◆ **The problem**: Word for word, return the lines from the start of the entries below through the line that has "studio apartment floor".

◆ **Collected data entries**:
--

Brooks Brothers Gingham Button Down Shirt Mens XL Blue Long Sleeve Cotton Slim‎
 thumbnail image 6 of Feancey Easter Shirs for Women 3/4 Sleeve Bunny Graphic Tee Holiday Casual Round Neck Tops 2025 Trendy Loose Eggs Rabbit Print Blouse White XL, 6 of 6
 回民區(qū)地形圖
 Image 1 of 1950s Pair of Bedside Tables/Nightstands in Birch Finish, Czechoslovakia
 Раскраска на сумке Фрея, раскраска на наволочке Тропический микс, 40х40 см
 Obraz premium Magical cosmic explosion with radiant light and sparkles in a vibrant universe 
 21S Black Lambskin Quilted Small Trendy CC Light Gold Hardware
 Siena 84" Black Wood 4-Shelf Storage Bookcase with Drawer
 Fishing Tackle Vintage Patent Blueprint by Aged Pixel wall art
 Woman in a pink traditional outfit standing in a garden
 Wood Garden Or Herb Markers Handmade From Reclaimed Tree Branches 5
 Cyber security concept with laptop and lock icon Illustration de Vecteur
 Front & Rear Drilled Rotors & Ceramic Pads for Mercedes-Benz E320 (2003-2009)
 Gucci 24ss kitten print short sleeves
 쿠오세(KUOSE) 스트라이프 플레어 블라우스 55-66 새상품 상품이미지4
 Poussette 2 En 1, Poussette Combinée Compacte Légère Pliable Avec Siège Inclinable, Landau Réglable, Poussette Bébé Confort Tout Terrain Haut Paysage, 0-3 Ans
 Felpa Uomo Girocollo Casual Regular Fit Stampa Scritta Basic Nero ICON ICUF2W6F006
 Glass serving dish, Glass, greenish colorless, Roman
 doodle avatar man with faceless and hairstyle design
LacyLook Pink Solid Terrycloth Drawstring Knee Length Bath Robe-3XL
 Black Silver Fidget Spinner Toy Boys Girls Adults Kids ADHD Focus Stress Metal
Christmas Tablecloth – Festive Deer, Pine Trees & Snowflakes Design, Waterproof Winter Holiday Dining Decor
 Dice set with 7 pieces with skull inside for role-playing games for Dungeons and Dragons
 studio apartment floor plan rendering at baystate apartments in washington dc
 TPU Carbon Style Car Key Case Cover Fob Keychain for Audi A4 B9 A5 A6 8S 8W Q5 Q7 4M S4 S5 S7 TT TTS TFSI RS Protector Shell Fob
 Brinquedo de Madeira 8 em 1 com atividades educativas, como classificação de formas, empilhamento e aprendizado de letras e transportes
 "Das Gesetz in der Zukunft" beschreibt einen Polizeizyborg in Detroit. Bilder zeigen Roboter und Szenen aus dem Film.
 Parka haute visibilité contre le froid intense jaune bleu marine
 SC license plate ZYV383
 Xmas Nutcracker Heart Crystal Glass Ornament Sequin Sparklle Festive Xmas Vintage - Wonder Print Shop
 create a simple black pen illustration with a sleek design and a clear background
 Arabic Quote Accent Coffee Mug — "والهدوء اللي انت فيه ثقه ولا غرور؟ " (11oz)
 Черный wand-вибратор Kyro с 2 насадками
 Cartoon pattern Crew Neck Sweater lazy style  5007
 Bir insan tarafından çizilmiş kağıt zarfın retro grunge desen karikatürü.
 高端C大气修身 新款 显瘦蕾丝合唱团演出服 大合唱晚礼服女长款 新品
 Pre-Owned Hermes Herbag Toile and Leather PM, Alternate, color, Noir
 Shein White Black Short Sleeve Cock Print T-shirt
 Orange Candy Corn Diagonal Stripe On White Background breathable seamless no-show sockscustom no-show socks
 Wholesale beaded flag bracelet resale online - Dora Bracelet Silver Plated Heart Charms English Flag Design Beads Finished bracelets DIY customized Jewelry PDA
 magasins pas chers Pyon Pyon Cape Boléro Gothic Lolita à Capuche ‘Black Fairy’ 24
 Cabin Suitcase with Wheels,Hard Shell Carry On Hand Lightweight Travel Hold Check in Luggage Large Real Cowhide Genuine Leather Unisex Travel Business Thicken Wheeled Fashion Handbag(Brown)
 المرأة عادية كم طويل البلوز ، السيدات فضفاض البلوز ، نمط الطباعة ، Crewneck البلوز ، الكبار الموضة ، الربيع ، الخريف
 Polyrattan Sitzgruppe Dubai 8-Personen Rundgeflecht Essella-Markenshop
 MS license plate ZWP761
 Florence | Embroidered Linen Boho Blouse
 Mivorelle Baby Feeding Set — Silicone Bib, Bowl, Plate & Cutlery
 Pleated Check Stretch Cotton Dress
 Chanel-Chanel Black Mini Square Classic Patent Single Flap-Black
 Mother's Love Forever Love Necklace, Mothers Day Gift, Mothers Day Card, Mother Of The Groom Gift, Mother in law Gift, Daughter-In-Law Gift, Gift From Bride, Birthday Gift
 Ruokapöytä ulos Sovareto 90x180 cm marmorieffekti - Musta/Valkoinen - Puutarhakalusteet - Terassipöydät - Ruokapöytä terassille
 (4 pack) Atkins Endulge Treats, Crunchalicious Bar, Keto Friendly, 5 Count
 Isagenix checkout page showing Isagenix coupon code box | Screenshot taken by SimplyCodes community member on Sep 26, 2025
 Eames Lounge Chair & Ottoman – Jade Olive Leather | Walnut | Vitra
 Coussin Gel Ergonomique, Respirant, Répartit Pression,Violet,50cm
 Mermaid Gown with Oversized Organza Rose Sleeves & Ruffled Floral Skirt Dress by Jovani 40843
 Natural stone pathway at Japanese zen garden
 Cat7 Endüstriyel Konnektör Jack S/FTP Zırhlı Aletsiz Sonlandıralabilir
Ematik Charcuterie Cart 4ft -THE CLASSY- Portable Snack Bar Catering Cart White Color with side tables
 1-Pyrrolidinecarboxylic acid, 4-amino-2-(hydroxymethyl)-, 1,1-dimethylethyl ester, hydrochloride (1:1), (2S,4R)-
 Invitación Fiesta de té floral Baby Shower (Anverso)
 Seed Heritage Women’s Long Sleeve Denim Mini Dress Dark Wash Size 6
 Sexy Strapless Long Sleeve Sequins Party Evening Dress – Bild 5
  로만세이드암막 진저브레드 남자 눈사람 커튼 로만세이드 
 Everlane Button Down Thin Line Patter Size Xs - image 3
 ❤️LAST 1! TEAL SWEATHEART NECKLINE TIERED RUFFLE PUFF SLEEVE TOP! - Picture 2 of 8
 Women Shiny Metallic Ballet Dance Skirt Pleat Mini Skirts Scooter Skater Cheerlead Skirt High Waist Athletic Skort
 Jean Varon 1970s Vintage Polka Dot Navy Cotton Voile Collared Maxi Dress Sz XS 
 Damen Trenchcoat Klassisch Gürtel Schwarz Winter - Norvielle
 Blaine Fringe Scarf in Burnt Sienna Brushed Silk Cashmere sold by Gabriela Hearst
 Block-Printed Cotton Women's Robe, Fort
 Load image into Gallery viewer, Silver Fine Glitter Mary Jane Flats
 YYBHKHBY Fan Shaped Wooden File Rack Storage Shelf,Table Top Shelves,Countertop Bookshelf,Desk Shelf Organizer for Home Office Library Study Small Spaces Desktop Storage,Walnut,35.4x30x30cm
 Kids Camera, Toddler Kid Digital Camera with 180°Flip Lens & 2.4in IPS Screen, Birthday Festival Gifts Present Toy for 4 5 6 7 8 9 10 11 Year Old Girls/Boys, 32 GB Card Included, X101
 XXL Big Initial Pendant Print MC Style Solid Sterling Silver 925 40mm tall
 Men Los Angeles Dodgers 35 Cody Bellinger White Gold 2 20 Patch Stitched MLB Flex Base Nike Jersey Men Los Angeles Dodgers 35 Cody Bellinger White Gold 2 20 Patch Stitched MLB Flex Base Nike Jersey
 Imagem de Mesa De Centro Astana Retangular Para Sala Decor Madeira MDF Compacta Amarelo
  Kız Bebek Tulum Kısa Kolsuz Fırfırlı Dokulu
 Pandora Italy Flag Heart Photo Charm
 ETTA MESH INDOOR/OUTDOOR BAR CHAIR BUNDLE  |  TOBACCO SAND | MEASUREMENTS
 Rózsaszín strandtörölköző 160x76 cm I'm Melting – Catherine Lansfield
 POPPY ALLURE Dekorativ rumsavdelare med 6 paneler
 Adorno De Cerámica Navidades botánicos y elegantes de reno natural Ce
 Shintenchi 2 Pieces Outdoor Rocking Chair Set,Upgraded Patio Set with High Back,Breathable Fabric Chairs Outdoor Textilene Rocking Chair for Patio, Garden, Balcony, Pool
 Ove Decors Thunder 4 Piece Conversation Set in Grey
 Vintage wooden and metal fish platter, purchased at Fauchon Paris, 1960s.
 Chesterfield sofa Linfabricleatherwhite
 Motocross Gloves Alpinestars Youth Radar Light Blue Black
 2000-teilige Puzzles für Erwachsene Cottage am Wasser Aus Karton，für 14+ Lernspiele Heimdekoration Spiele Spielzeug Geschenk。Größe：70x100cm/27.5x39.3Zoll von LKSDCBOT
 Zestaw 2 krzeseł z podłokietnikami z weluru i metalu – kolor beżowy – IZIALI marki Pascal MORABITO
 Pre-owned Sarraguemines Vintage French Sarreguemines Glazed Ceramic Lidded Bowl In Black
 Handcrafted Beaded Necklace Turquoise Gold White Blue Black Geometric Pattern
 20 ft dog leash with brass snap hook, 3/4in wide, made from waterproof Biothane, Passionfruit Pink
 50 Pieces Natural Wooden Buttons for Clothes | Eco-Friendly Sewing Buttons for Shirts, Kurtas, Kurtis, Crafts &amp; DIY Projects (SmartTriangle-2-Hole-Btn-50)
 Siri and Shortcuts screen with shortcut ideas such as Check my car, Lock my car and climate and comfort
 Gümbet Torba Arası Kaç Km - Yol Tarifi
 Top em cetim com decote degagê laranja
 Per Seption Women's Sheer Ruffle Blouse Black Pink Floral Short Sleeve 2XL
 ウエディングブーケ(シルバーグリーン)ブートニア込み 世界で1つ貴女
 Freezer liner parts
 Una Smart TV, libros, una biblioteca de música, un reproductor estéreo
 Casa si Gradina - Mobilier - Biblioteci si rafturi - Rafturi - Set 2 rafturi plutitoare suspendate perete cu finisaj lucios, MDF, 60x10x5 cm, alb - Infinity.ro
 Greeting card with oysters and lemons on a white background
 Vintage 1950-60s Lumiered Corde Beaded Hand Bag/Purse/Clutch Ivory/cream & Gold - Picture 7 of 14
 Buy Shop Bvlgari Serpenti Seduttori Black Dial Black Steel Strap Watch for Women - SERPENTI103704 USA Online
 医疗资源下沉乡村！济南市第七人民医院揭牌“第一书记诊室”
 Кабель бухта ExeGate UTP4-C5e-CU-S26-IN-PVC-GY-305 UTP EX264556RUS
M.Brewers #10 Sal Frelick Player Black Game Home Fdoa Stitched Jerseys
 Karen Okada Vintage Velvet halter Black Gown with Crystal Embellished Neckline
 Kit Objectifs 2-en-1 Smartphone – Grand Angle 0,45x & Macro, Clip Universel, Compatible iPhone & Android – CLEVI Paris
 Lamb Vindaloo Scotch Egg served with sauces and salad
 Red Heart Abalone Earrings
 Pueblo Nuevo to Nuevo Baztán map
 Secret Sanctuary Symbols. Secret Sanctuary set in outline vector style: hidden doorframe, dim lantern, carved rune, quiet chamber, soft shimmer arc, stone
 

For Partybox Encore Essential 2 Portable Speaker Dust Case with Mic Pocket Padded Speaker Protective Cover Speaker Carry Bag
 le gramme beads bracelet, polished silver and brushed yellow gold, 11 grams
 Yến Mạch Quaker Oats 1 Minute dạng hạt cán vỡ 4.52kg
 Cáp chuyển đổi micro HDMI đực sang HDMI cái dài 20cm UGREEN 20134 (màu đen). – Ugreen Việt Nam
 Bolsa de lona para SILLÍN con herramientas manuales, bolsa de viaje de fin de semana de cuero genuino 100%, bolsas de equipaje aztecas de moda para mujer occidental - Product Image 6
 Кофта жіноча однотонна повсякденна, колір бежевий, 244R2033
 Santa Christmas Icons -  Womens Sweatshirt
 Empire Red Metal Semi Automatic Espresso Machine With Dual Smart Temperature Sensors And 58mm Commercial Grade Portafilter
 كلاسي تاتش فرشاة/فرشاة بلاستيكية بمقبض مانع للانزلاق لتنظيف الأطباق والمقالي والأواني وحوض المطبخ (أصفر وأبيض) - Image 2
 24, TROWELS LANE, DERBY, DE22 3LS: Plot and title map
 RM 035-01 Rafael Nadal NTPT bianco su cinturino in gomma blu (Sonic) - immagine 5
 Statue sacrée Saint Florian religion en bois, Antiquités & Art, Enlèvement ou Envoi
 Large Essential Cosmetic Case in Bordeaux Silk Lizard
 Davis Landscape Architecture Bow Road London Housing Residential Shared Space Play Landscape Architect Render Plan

--

◆ **Solved problem**:
Brooks Brothers Gingham Button Down Shirt Mens XL Blue Long Sleeve Cotton Slim‎
 thumbnail image 6 of Feancey Easter Shirs for Women 3/4 Sleeve Bunny Graphic Tee Holiday Casual Round Neck Tops 2025 Trendy Loose Eggs Rabbit Print Blouse White XL, 6 of 6
 回民區(qū)地形圖
 Image 1 of 1950s Pair of Bedside Tables/Nightstands in Birch Finish, Czechoslovakia
 Раскраска на сумке Фрея, раскраска на наволочке Тропический микс, 40х40 см
 Obraz premium Magical cosmic explosion with radiant light and sparkles in a vibrant universe 
 21S Black Lambskin Quilted Small Trendy CC Light Gold Hardware
 Siena 84" Black Wood 4-Shelf Storage Bookcase with Drawer
 Fishing Tackle Vintage Patent Blueprint by Aged Pixel wall art
 Woman in a pink traditional outfit standing in a garden
 Wood Garden Or Herb Markers Handmade From Reclaimed Tree Branches 5
 Cyber security concept with laptop and lock icon Illustration de Vecteur
 Front & Rear Drilled Rotors & Ceramic Pads for Mercedes-Benz E320 (2003-2009)
 Gucci 24ss kitten print short sleeves
 쿠오세(KUOSE) 스트라이프 플레어 블라우스 55-66 새상품 상품이미지4
 Poussette 2 En 1, Poussette Combinée Compacte Légère Pliable Avec Siège Inclinable, Landau Réglable, Poussette Bébé Confort Tout Terrain Haut Paysage, 0-3 Ans
 Felpa Uomo Girocollo Casual Regular Fit Stampa Scritta Basic Nero ICON ICUF2W6F006
 Glass serving dish, Glass, greenish colorless, Roman
 doodle avatar man with faceless and hairstyle design
LacyLook Pink Solid Terrycloth Drawstring Knee Length Bath Robe-3XL
 Black Silver Fidget Spinner Toy Boys Girls Adults Kids ADHD Focus Stress Metal
Christmas Tablecloth – Festive Deer, Pine Trees & Snowflakes Design, Waterproof Winter Holiday Dining Decor
 Dice set with 7 pieces with skull inside for role-playing games for Dungeons and Dragons
 studio apartment floor plan rendering at baystate apartments in washington dc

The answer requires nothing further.